No caso da cozinheira Paula Gabriela Rabello, 33, e de seu esposo, Rodrigo Martins, 37, bombeiro civil, a preocupação é em dobro. Pais de duas crianças, Pedro Leni Rabello, 1 ano e 4 meses, e Melina Rabello, 4 meses, o casal, que mora em Brazlândia, contou que as crianças sofrem com problemas respiratórios desde que nasceram. "O tempo piora tudo. O mais velho tem bronquiolite e a mais nova, apesar de não ter diagnóstico, apresenta os mesmos sintomas. Neste tempo, eles ficam tossindo e com as vias respiratórias congestionadas", relatou a mãe. Os pais declararam que, geralmente, as crises duram até o fim da estação e que sentem-se fragilizados ao observar as crianças doentes.
Com umidades entre 20% e 12%, Distrito Federal recebeu alerta laranja de baixa umidade ontem. Segundo o Instituto Nacional de Meteorologia (Inmet), a capital federal está no período de estiagem. Hoje, o DF completa 92 dias sem chuvas.
Além das queimadas, a combinação de clima seco e tempo frio potencializa as doenças respiratórias. Isso porque as vias aéreas costumam ficar ressecadas, tirando a proteção natural da mucosa nasal e facilitando a entrada dos vírus. A perda dessa proteção natural causa a proliferação de germes virais e bacterianos.

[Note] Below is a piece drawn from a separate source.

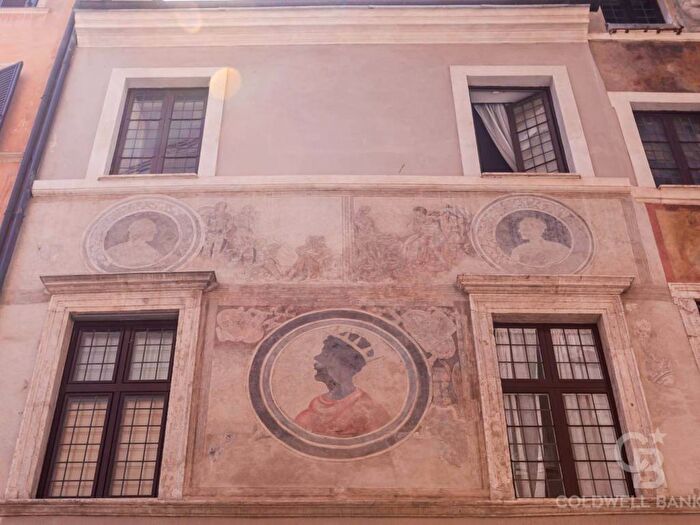 Casa trilocale in vendita in Via Del Pellegrino, Campo de' Fiori, Roma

A Secretaria de Saúde do Distrito Federal (SES-DF) informa que a hidratação é a melhor maneira de prevenção das enfermidades respiratórias. Tanto a hidratação oral, com ingestão de bastante líquido, quanto a hidratação das vias aéreas nasais, com soro.
Cuidados
O pneumologista Eduardo Cartaxo aconselhou que pessoas que moram em locais próximos a ambientes onde há muitas queimadas devem tratar suas doenças crônicas de forma contínua, além de manterem-se hidratadas, com uma alimentação saudável e com as narinas sempre lavadas. Gilda Elizabeth sinalizou como positiva a atitude das mães de administrar nebulizações e fazer lavagens nasais com soro fisiológico, mas lembrou que todo tratamento é individualizado.
A SES-DF alerta que uma das formas de prevenção das doenças respiratórias é a vacinação contra a gripe, que evita a disseminação das doenças. Além da influenza, que é a principal, a pasta oferece a vacina antipneumocócica, que previne a pneumonia e é recomendada para idosos e pessoas com asma grave, doenças crônicas pulmonares, com infecções respiratórias de repetição, imunocomprometidas e com doenças hematológicas graves. O imunizante está disponível em Unidades Básicas de Saúde (UBS).